# [RECORD EXCERPTS]
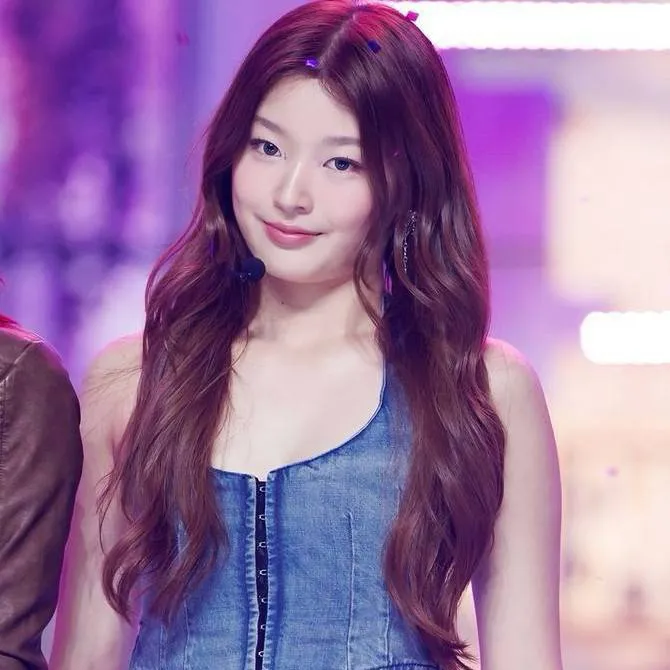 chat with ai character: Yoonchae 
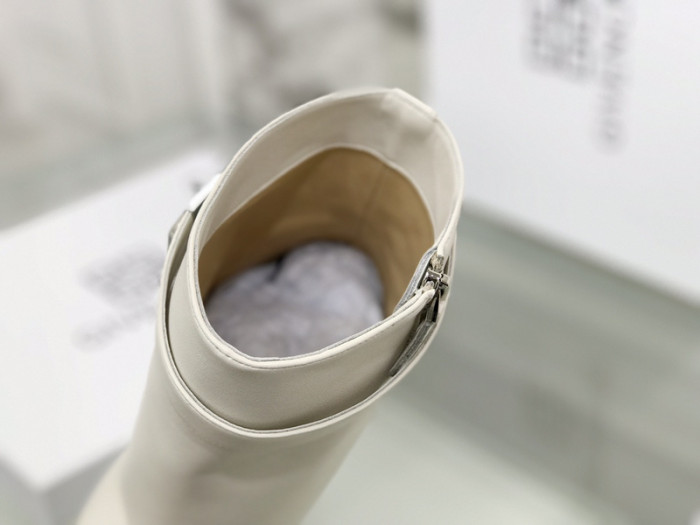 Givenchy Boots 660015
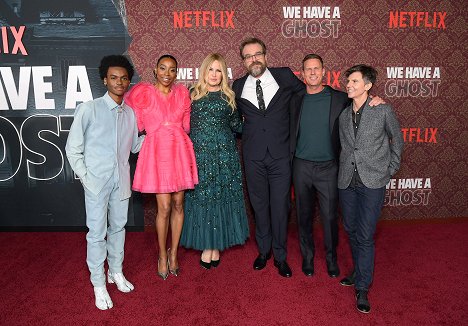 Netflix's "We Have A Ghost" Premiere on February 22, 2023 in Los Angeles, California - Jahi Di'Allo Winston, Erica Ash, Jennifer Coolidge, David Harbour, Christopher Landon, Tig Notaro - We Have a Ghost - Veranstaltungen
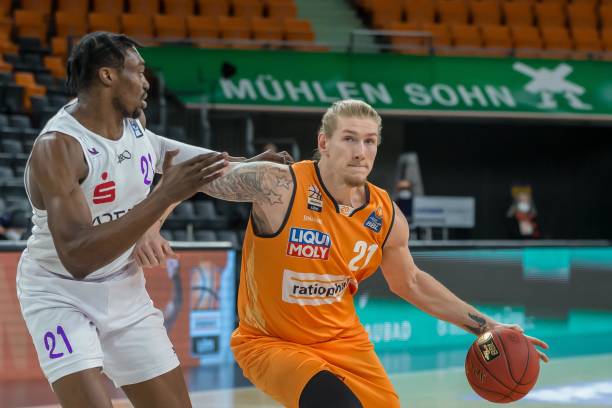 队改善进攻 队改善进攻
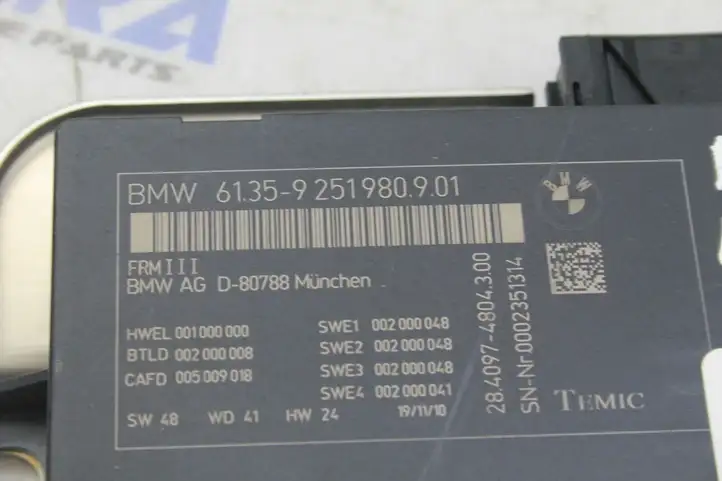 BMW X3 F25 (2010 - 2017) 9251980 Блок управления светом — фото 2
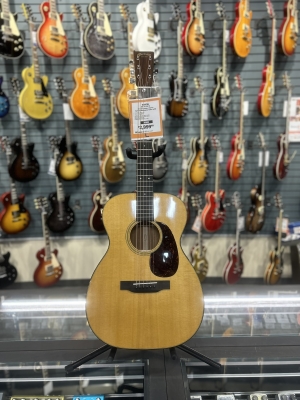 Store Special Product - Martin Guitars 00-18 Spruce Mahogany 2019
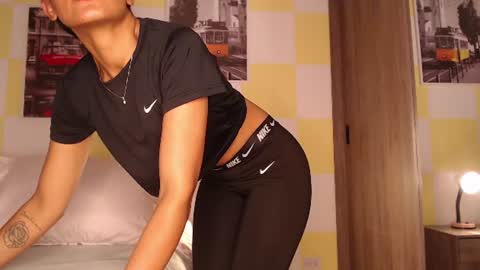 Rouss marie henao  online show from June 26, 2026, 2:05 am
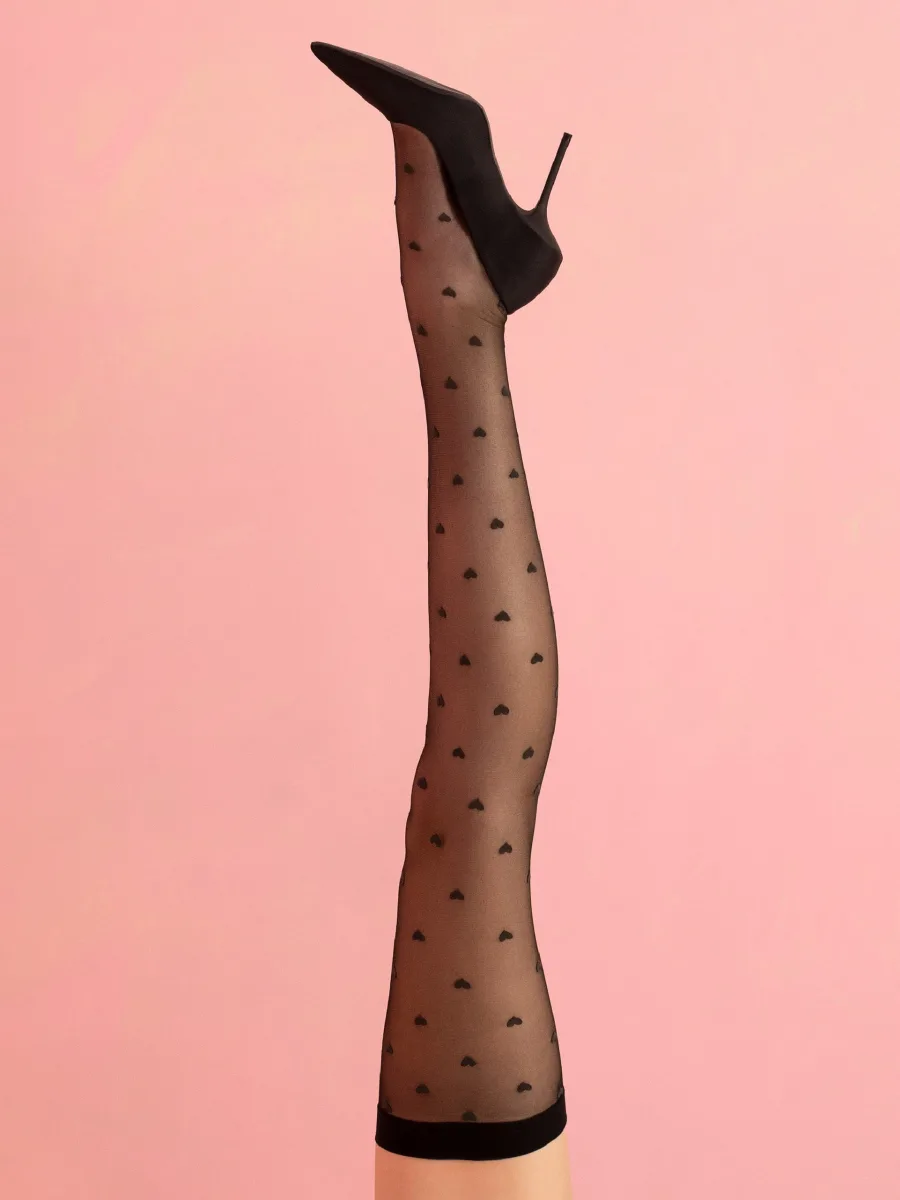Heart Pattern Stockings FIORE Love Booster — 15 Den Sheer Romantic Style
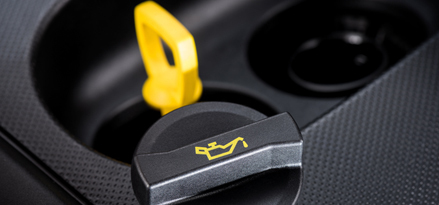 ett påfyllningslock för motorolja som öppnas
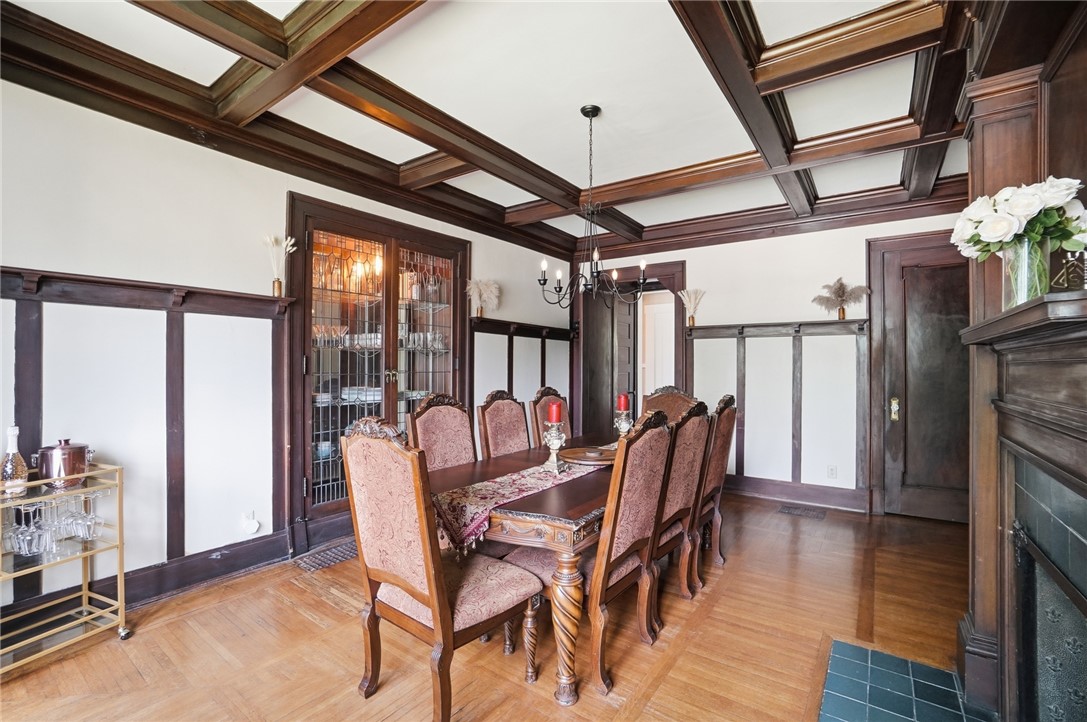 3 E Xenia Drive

# [WHAT THE TASK ASKS]
Everything in the records goes into your answer exactly, except the pictures.

# [RESPONSE FOR THIS EXERCISE]
 chat with ai character: Yoonchae 
 Givenchy Boots 660015
 Netflix's "We Have A Ghost" Premiere on February 22, 2023 in Los Angeles, California - Jahi Di'Allo Winston, Erica Ash, Jennifer Coolidge, David Harbour, Christopher Landon, Tig Notaro - We Have a Ghost - Veranstaltungen
 队改善进攻 队改善进攻
 BMW X3 F25 (2010 - 2017) 9251980 Блок управления светом — фото 2
 Store Special Product - Martin Guitars 00-18 Spruce Mahogany 2019
 Rouss marie henao  online show from June 26, 2026, 2:05 am
Heart Pattern Stockings FIORE Love Booster — 15 Den Sheer Romantic Style
 ett påfyllningslock för motorolja som öppnas
 3 E Xenia Drive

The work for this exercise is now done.